4.4 Transformer Block

A simplified transformer block is expressible directly in SimpLang:

RMSNorm
Multi-head attention decomposition (Q, K, V)
Attention scaling and softmax
Feed-forward network with SiLU
Residual connections

The complete model (as used in evaluation) follows this pattern and lowers exclusively through MLIR dialects until producing optimized LLVM IR.
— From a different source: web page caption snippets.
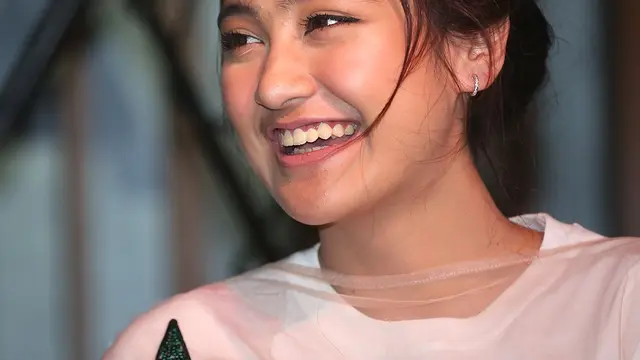 [Bintang] Salshabilla Adriani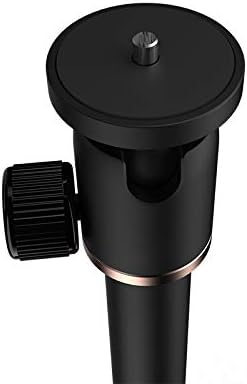 XGIMI Projector Floor Stand,for Horizon(Pro Ultra,20,20 Max,S Pro,S Max)/Vibe One/Elfin Flip/MOGO2 PRO/MoGo3 Pro/MoGo4/Halo+ and Other Brand Projectors,360°free rotation - Image 5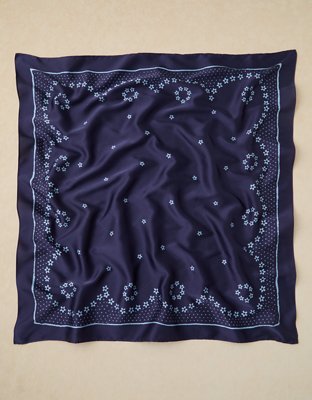 AE Daisy Bandana | American Eagle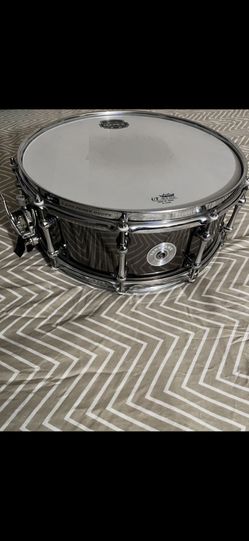 Mapex Armory Tomahawk Steel Snare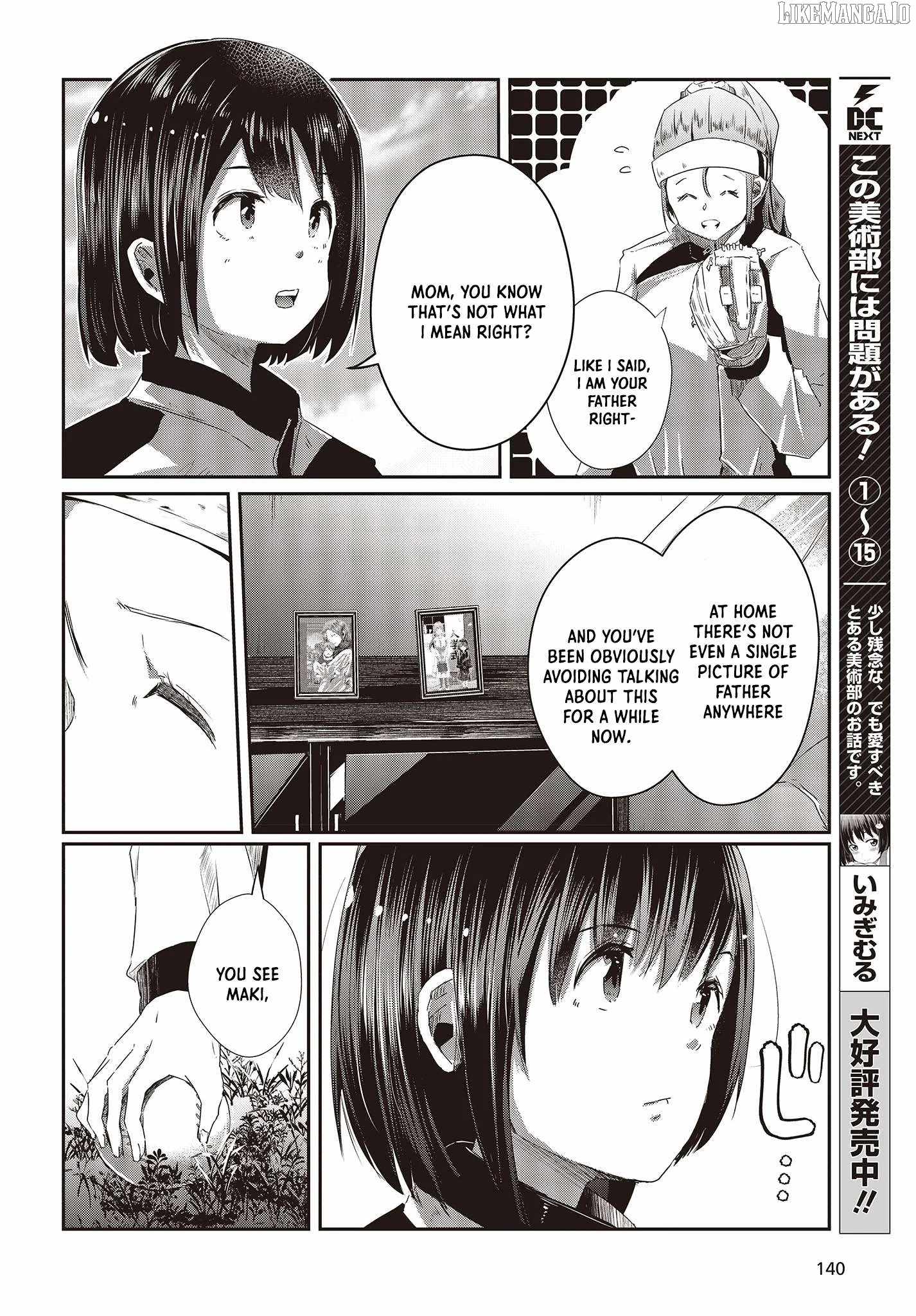 Old Man Reincarnates and Becomes a Genius Actor Chapter 14-eng-li - Page 1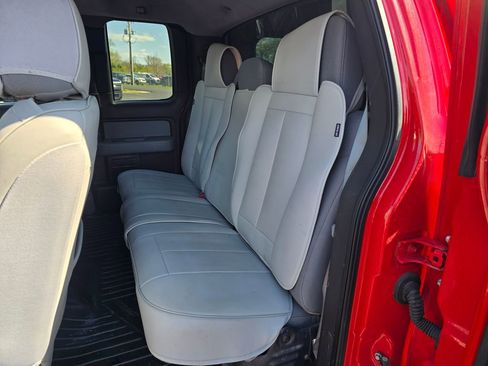 Used 2012 Ford F150 XLT w/ XLT Chrome Pkg image 7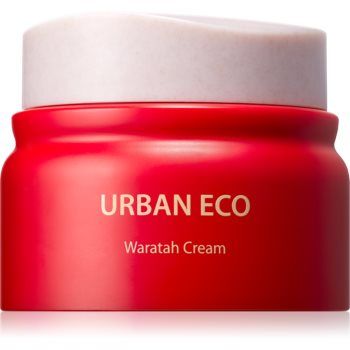 The Saem Urban Eco Waratah Cream Cremă intensă hidratanta si emolienta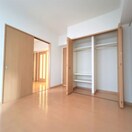 ※写真は同じマンションの違う部屋のものになります。 スリーウェイ金山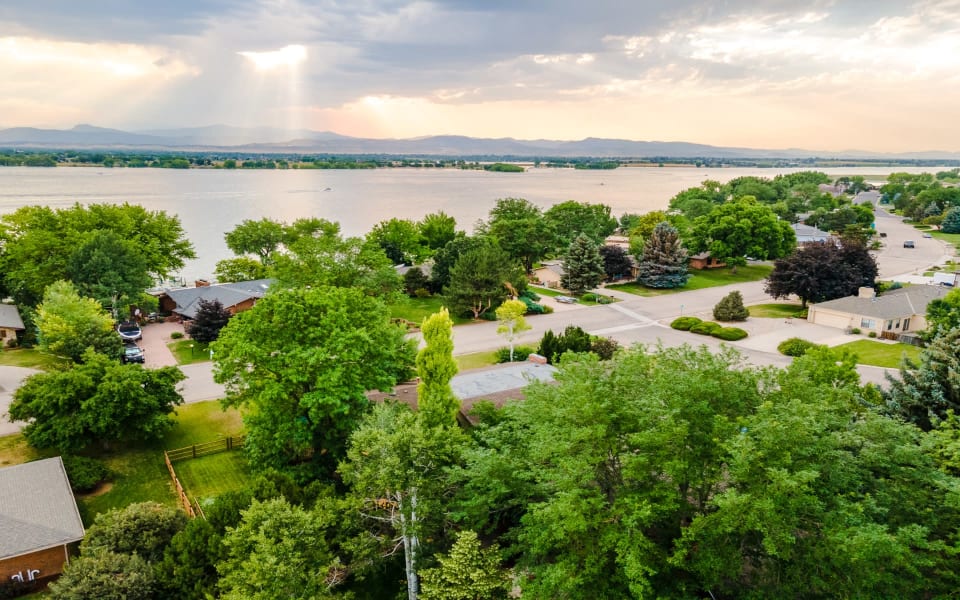 Loveland Neighborhood Guide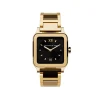 Tresor Gold Black Bold Steel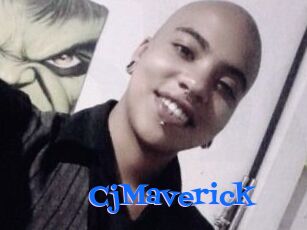 CjMaverick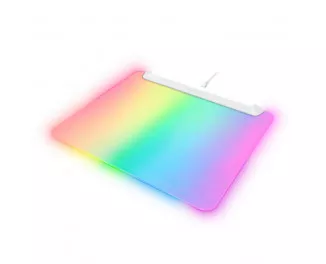 Килимок для миші Razer Firefly V2 Pro White М (RZ02-04920200-R3M1)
5 Cross-Compilation to ARM

Cross-compilation requires only changing the target on the MLIR command line:

./simplang model.sl --emit-mlir --target aarch64 --tile-size 8

An ARM cross-compiler links the object file:

aarch64-linux-gnu-gcc -shared model.o -o model.so -lm

The generated code employs ARM NEON instructions (e.g., fmla v1.4s, v2.4s, v3.4s). Tile size selection affects locality and throughput.

6 Compilation Pipeline

SimpLang exposes two independent but conceptually parallel pipelines.

6.1 LLVM Pipeline

Lexing → tokenization
Parsing → abstract syntax tree (AST)
AST to LLVM IR → SSA construction
LLVM Optimizations → vectorization, dead-code elimination, scalar replacements
Code Emission → machine code
Linking → shared objects (.so) for host invocation

6.2 MLIR Pipeline

Front-end parses SimpLang into high-level ops
Simp Dialect captures tensor-level semantics
ConvertSimpToLinalg/MemRef
Tiling and Fusion Passes optimize locality
Lower to SCF explicitly materializes loop nests
Vectorization transforms SCF loops to vector ops
Lower to LLVM Dialect
LLVM Optimization and Codegen → executable machine code

Intermediate representations can be inspected at any stage via --dump-mlir-passes.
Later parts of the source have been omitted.